Reports today from Elysées Palace officials suggest that France desires to delay a new UN resolution canceling sanctions and allowing a complete unfreezing of assets, arguing that airstrikes conducted under previous Resolution 1973 are still under way.
Libya will be forming a new governing structure over the top of its old despotic structures, analysts say. The ideal balance for the international community is to assist with new civil structures, but without colonial-style meddling or salacious profiteering. UN agencies on the ground have started with aid. But prominent groups from the two Libyan poles of Tripoli and Benghazi (see map) will be urged to cooperate and work out modes of authority for the string of towns and tribes between western and eastern Libya, and in the south.
Working with the old regime
A key question not likely to be answered today: How far can the new NTC realistically go without needing or using elements of the old Qaddafi system?
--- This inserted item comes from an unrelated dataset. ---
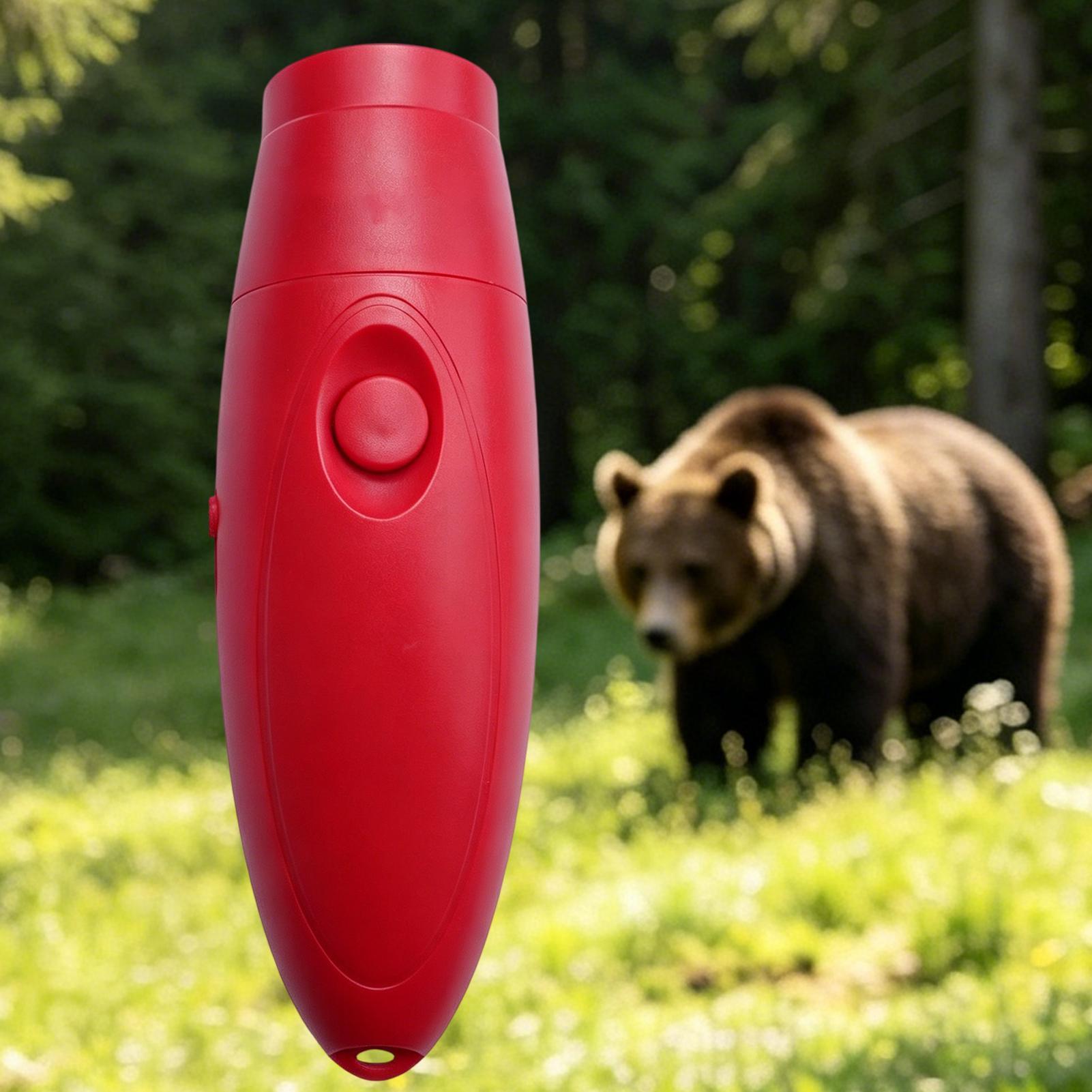 Klaxon Ostrzegawczy Gear Bear, – Outdoor Adventure For Adults recenzja i cena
Whether France and Europe more largely can develop a new relationship and new habits regarding Arab states is seen here as a promise. A fresh approach will require humility, an opening of markets, and a better attitude towards minorities, writes Vincent Giret, the editor of Libération on the eve of the meeting:
"After years of erring, and connivance with the most authoritarian regimes of the south Mediterranean, France is finally on the side of history…. France can lay the milestones of a great Arab policy it has always dreamed of, often with grandiloquence and too much hypocrisy.”